Tuesday, March 16, 2010

Home in Wide Sargasso Sea

The house was burning, the yellow-red sky was like sunset and I knew that I would never see Coulibri again (Rhys 27).

While Post-Colonial literature frequently deals with issues of occupation, violence, and displacement, it is uncommon that the genre shows concerned for the displaced colonists who were no longer welcome in the lands of their birth and had never called Europe home. Jean Rhys fits this description, having came from a slave-owning family in Dominica who left due to social tension. Similarly, her character Antoinette Cosway is driven out of her home by violence from black Jamaicans due to circumstances wholly unrelated to Antoinette. Wide Sargasso Sea is a useful novel for discussing the sense of belonging which white Creoles were unable to find as the classic system of colonialism was being deconstructed.

The first section of the novel functions to give the character background of Antoinette's family before she meets Mr. Rochester. A defining feature of this background is the outcast place that white Creole's fill in West Indian society following the emancipation of the slaves. In the essay "Modernist Crosscurrents" the author Mary Emery mentions a line in one of Rhys' novels which has been used in collections of West Caribbean literature, the narrator in Good Morning, Midnight states, "I have no pride - no name, no face, no country.
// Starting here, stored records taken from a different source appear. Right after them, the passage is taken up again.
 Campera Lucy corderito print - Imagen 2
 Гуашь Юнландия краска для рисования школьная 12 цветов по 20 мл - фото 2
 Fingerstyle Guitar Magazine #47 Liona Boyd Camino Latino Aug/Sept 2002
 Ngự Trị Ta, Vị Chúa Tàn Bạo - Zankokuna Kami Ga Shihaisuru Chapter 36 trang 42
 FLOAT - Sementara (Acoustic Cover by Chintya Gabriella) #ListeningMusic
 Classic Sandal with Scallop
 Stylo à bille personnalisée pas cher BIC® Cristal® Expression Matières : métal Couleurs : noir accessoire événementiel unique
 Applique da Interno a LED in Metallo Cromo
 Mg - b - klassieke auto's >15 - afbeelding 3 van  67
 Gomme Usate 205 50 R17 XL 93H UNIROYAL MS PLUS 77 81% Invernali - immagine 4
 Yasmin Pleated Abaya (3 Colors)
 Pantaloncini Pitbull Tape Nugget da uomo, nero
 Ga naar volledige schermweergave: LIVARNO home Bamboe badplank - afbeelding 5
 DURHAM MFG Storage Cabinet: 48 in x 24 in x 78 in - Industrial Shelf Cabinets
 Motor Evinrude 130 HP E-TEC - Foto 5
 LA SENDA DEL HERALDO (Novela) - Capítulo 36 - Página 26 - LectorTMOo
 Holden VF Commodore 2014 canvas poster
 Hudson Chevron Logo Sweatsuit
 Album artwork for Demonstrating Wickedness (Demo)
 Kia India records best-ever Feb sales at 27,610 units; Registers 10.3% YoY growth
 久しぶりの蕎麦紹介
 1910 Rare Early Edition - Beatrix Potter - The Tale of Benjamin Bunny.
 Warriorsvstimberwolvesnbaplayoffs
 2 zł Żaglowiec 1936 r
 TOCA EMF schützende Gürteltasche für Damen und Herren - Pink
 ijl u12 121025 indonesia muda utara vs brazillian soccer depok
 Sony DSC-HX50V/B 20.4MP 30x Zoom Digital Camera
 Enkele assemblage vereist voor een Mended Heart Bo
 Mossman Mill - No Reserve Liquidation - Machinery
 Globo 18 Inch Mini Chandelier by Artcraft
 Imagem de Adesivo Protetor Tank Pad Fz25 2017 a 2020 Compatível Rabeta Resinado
I don't belong anywhere" (qtd Emery 167). This lack of face and country is caused by the nature of the West Indies, being a society where the natives were decimated which was repopulated by European immigrants and African slaves. As such, these nations represented a full fledged fusion of African traditions and Europe laws and technology creating a brand new society. As Emery describes the situation, "Rhys' novels portray an absence rather than loss of identity and the homelessness of one who never had a home" (Emery 167). These quotations perfectly describe the situation of Antoinette, who grew up as a hated but powerful minority in a land still controlled by the English but primarily populated with former slaves.

The violent expulsion of the Cosways from their ancestral plantation is shown early in the novel as a traumatic event which marks the symbolic end of the Cosway family. Antoinette wakes up at night to find a mob of black West Indians outside of her family home yelling out the phrase "white nigger" and proceeding to set the house on fire. The trauma of this event is describe in detail, especially the death of her younger brother, "there was another smell, of burned hair, and I looked and my mother was in the room carrying Pierre...I thought, Pierre is dead. He looked dead" (Rhys 23). It is Mr. Mason's decision that it would be safe to stay in Coulibri, leading to the death of Pierre which ultimately led his wife to hate him. Antoinette tries to explain to Mr. Rochester the sheer cruelty which caused her mother to go insane, including the poisoning of her horse (79). Like her daughter, Mrs. Mason does not know what to do when expelled from her home which was previously a sort of island paradise.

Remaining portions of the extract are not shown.